The Partnership has a substantial portion of its assets on deposit
with brokers and dealers in securities and other financial
institutions in connection with its cash management activities. In
the event of a financial institution's insolvency, recovery of
Partnership assets on deposit may be limited to account insurance or
other protection afforded such deposits.

For derivatives, risks arise from changes in the market value of the
contracts. Theoretically, the Partnership is exposed to a market risk
equal to the value of futures contracts purchased and unlimited
liability on such contracts sold short. As both a buyer and seller of
options, the Partnership pays or receives a premium at the outset and
then bears the risk of unfavorable changes in the price of the
contract underlying the option. Written options expose the
Partnership to potentially unlimited liability, and purchased options
expose the Partnership to a risk of loss limited to the premiums
paid.

The General Partner has established procedures to actively monitor
market risk and minimize credit risk.

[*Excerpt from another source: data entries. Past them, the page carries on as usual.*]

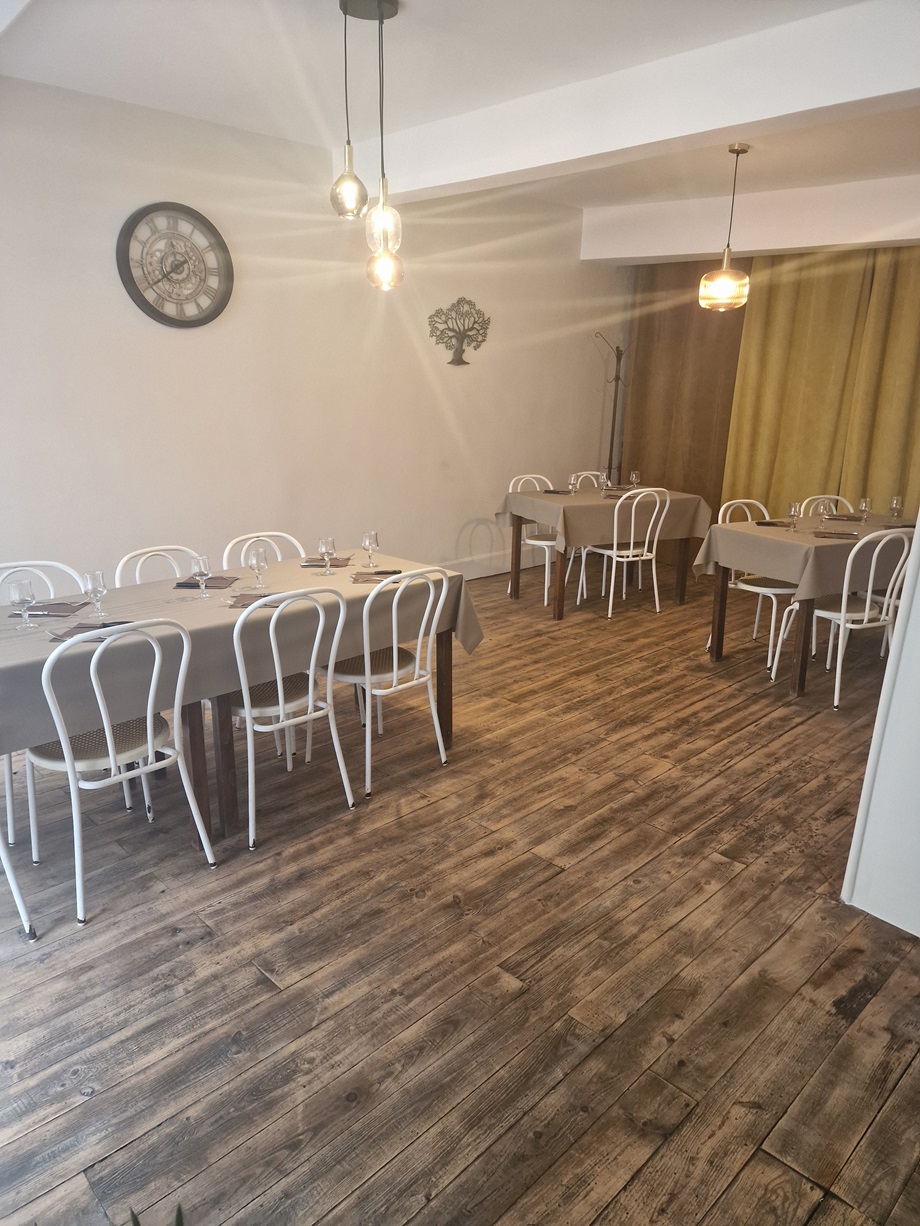 Pour profiter d’une retraite bien méritée, et après vingt ans de bons et loyaux services, nous mettons en vente notre restaurant situé dans une ville de six mille habitants au cœur de la Lomagne gersoise. Il comprend une terrasse, deux salles climatisées, deux toilettes dont une adaptée aux personnes à mobilité réduite, ainsi qu’une cuisine équipée avec du matériel récent. Pour plus d’informations, vous pouvez nous appeler.Merci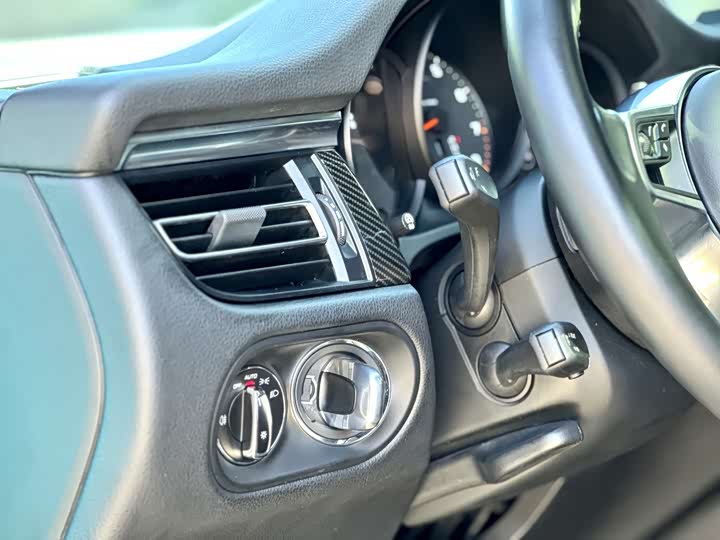 Фото 11 - Porsche Macan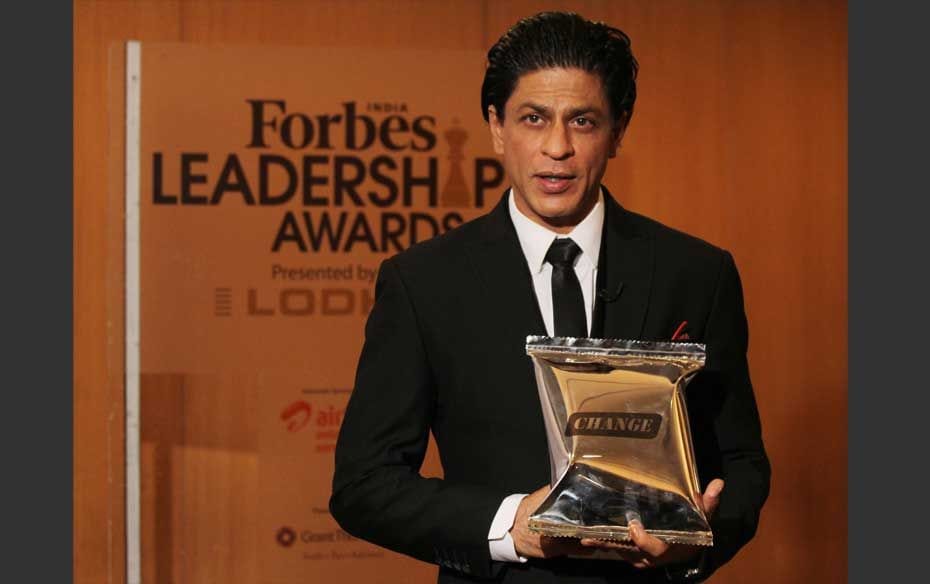 Actor Shahrukh Khan proud to receive his Special Plaque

The Limited Partners bear the
risk of loss only to the extent of the market value of their
respective investments and, in certain specific circumstances,
distributions and redemptions received.

Note 7. SUBSEQUENT EVENT

On January 1, 2001, A Units and B Units were converted into a single
Unit utilizing the Net Asset Value per B Unit on December 31, 2000 of
$1,145.25. Accordingly, after the conversion of Units on January 1,
2001, the total number of outstanding units as of January 1, 2001 was
19,348.2327.



F-10
43


SIGNATURES

Pursuant to the requirements of Section 13 or 15(d) of the
Securities Exchange Act of 1934, the Registrant has duly caused this report to
be signed on its behalf by the undersigned, thereunto duly authorized, on the
30th day of March, 2001.

THE FULCRUM FUND LIMITED
PARTNERSHIP


By: Kenmar Advisory Corp., general partner


By: /s/ Kenneth A. Shewer
---------------------------------------
Kenneth A. Shewer
Chairman

Pursuant to the requirements of the Securities Exchange Act of 1934,
this Report has been signed below by the following persons on behalf of the
registrant and in the capacities indicated on the 30th day of March, 2001.

THE FULCRUM FUND LIMITED
PARTNERSHIP

By: Kenmar Advisory Corp., general partner



By: /s/ Kenneth A. Shewer
---------------------------------------
Kenneth A. Shewer
Chairman and Director
(Principal Executive Officer)


By: /s/ Marc S. Goodman
---------------------------------------
Marc S. Goodman
President and Director


By: /s/ Thomas J. Divuolo
---------------------------------------
Thomas J. DiVuolo
Senior Vice President
(Principal Financial and Accounting
Officer for the Partnership)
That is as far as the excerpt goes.